I've been lurking here for a fair amount of time and researching. In fact I've become intimately familiar with the search engine. :eek:

First let me say - thank you all for all of the quality posts. A noob can spend time here searching and reading for hours and hours and get every answer they need without ever making a post. I'm one such noob.

Now I do have a question about humidity that is specific to our system - hence my inability to find an answer by searching.

Our system: 20L (not vert). False bottom with a drip wall/water feature and very small pond. Substrate is ABG with leaf litter. BG is black pond GS with cork bark, and a few other goodies covered with silicon and coir. We've got several mini orchids in there now and they seem to be happy (i.e., epidendrum porpax is blooming already). Top is all glass with a daylight t8 bulb. We plan on getting some R. Vents in a few months once the tank is established and stable.

Hence the question.
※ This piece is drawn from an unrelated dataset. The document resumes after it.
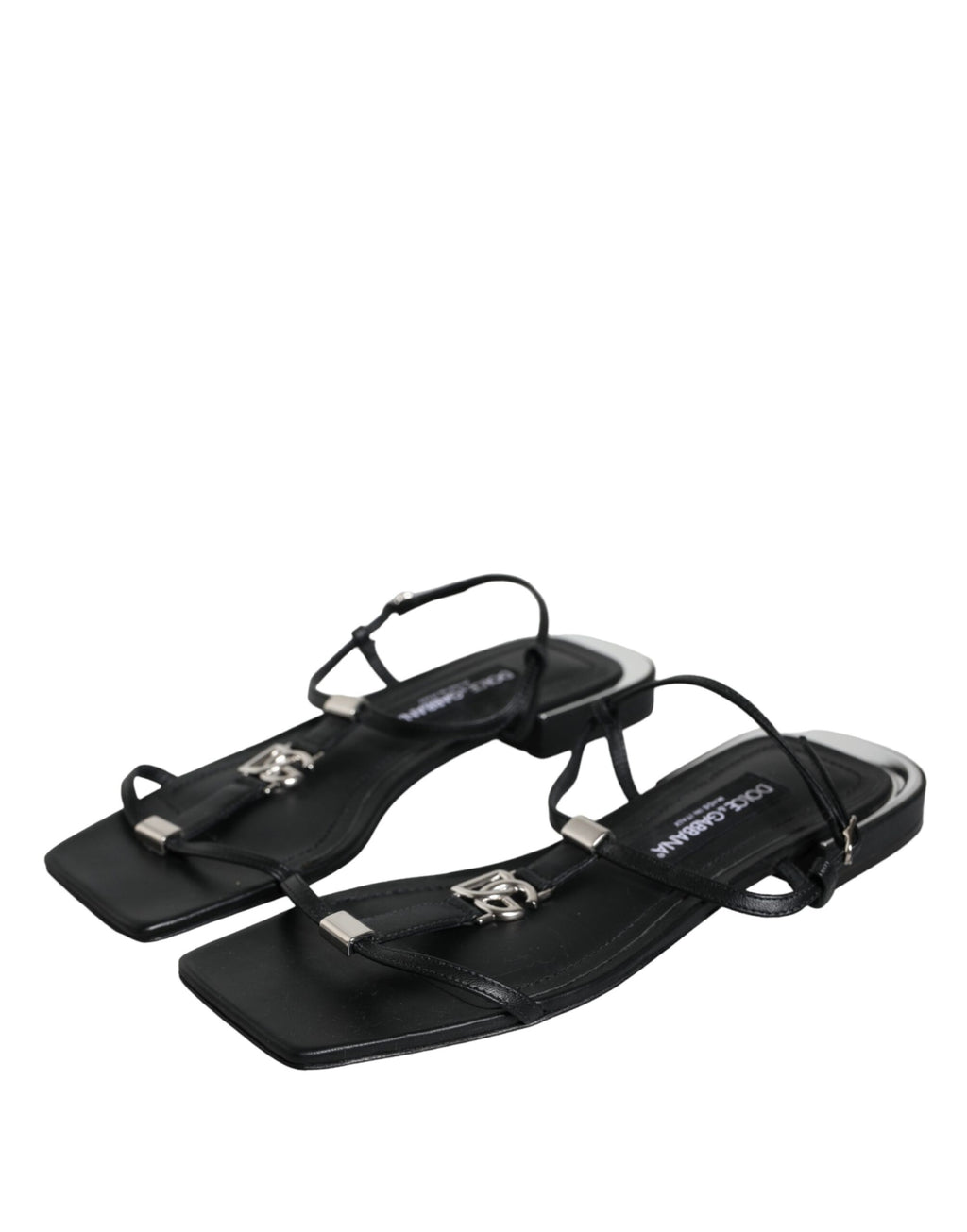 Svarte Keira-sandaler i skinn med logo og ankelreim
Stability. I have two issues. One is temp - I cant seem to get it above 71. Not enough to keep everyone happy. I may have that solved as I have a dual t5 ho system on the way. Otherwise I'm going to add a heater of some sort. House temps are mid 60's during day and night with 70 during mornings and evenings. The other issue is humidity. For the life of me I cannot get it above 75%. My goal is 90%+. I have the top on the whole time, I hand mist the tank and it still will only spike at 80 for a few minutes.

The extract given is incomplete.